The notion of a chained CPI — and Obama's willingness to embrace it — has infuriated liberal Democrats in both chambers, who argue that Social Security hasn't contributed to deficit spending and should therefore be left untouched in any deficit debate.
Obama has raised the chained CPI idea in meetings this week on Capitol Hill with House Republicans and Senate Democrats. He wraps up a tour of the four caucuses Thursday with Senate Republicans and House Democrats.
The campaign is designed, at least in part, to quell criticism that the president has not done enough in his tenure to listen to the concerns of rank-and-file members from both parties.
Entitlement reform has emerged as a topic of conversation in the two meetings earlier this week, with liberal Senate Democrats challenging Obama's embrace of the chained CPI and conservative House Republicans prodding him to accept certain entitlement cuts. In both cases, Obama defended his past positions, telling lawmakers that he's willing to include Medicare and Social Security reforms as part of a deficit grand bargain that includes new tax revenues.
“He did express a willingness on entitlements,” Rep. Reid Ribble (R-Wis.) said after Wednesday's meeting.
Liberal House Democrats will likely confront him on that issue Thursday. Behind Reps. Alan Grayson (D-Fla.) and Mark Takano (D-Calif.), a number of members of the Congressional Progressive Caucus are circulating a letter vowing to oppose "any and every cut to Medicare, Medicaid, or Social Security benefits" in future negotiations with Republicans.
A similar letter, spearheaded by Rep. Jan Schakowsky (D-Ill.), has been endorsed by more than half of all House Democrats.
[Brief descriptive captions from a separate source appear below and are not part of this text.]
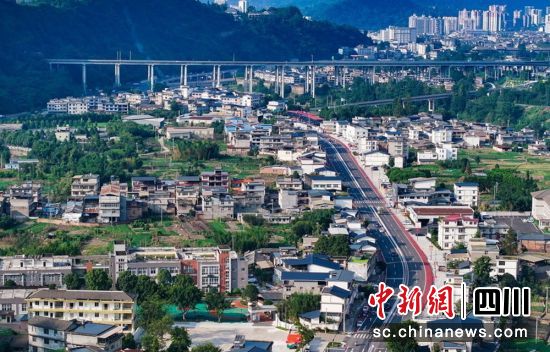 改建工程全线通车。雨城融媒 供图 改建工程全线通车。雨城融媒 供图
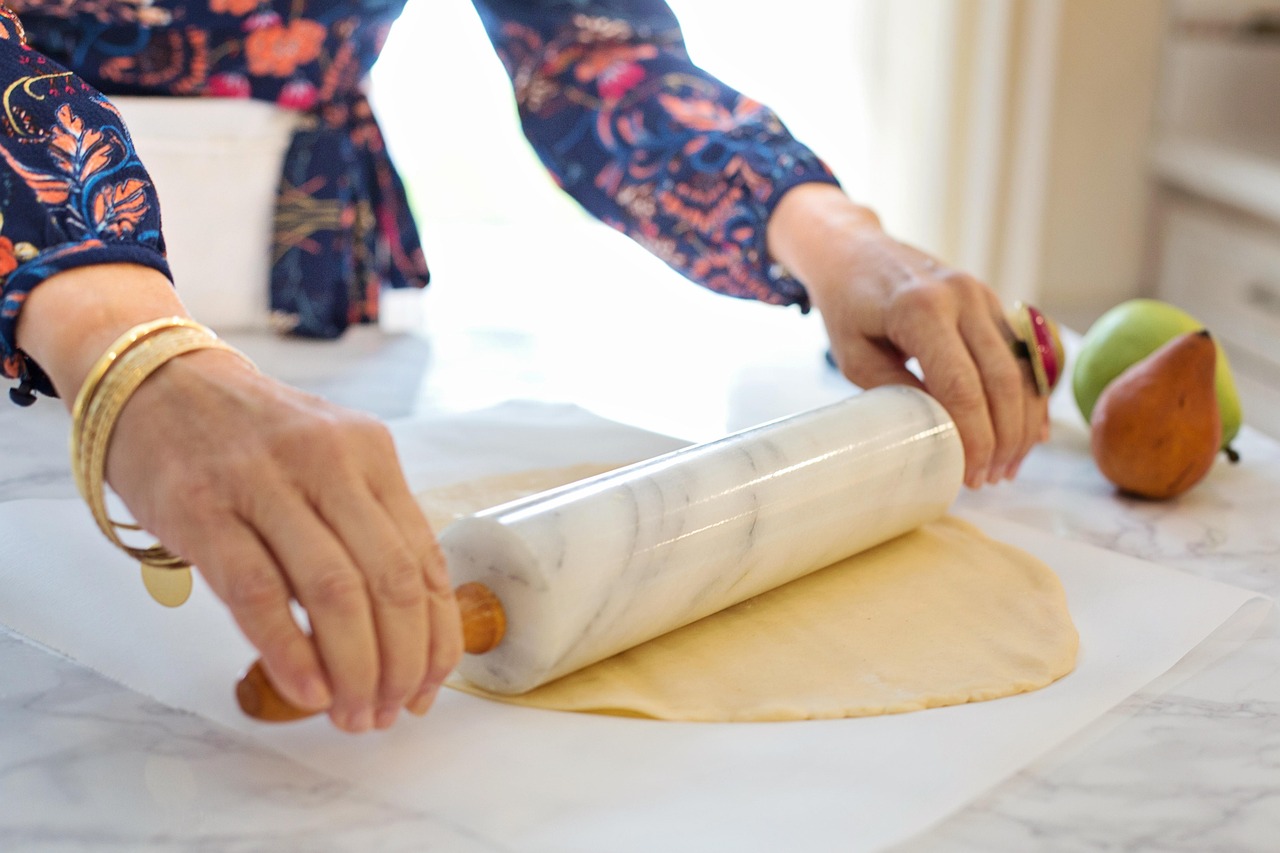 pie, baking, rolling dough, thanksgiving, pie crust, rolling pin, holidays, baking, baking, baking, baking, baking, rolling pin, rolling pin, rolling pin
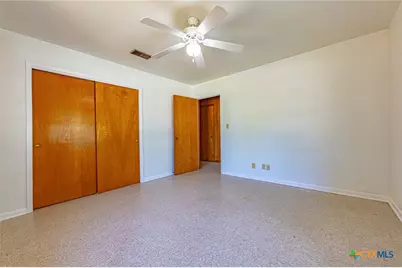 1220 N Avenue I, Shiner, TX 77984 - Photo 20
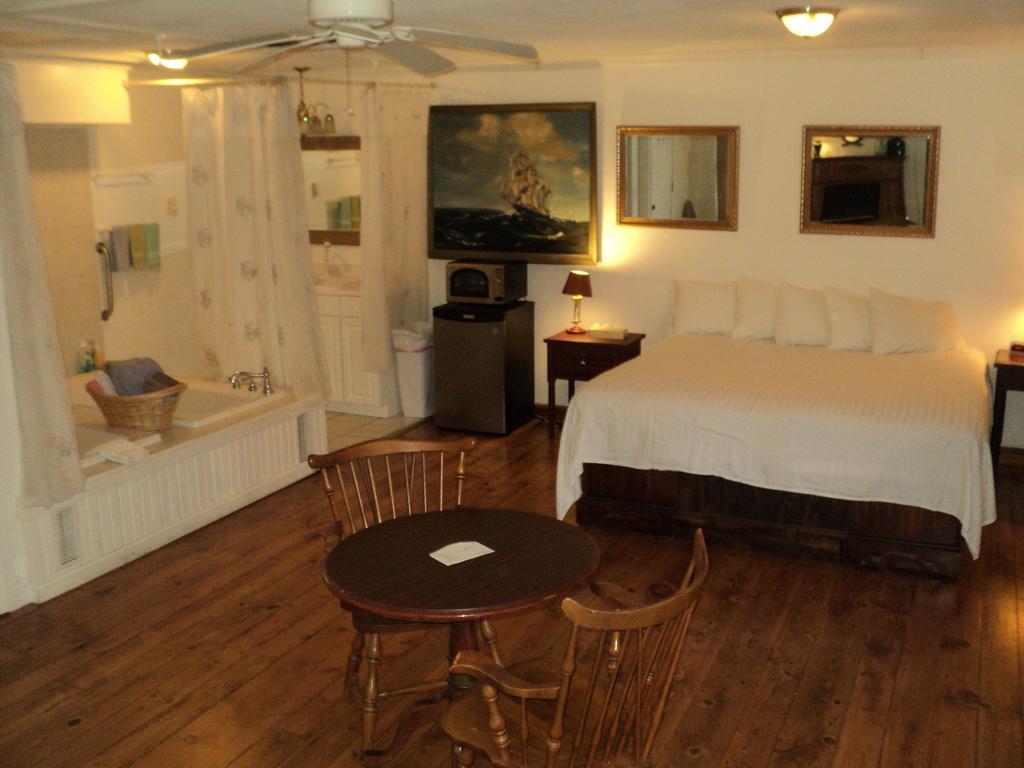 Harbor Haus Inn & Suites Hermann Εξωτερικό φωτογραφία
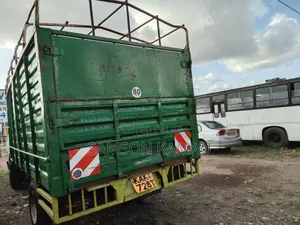 Isuzu NPR Canter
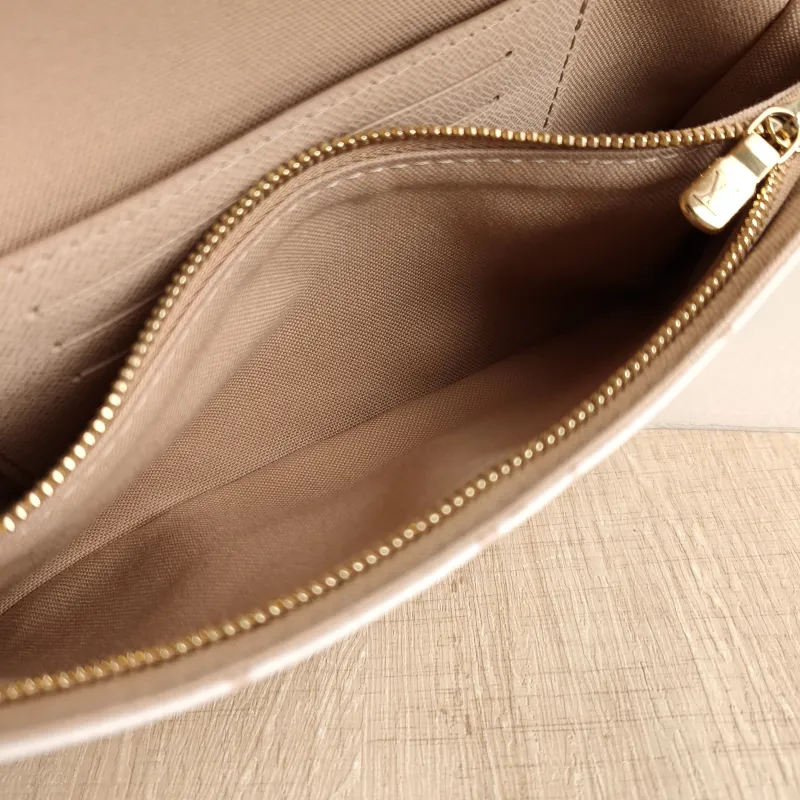 Louis Vuitton Crossbody Bag IVY · Beige PVC Small 23.5 × 4.3 × 12 cm — detail view 6 of 11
Pelosi on Thursday downplayed any division between her caucus and the White House, saying both camps are open to entitlement changes as long as they strengthen the programs for future beneficiaries.
“If the goal is to strengthen Social Security, if the goal is to strengthen Medicare, if the goal is to recognize the importance of Medicaid and how we make all of these initiatives fiscally sound ... then we're ready to have that debate,” she said.
“And I'm sure we're on the same page with the president in that regard.”
—This story was posted at 12:23 p.m. and updated at 3:06 p.m.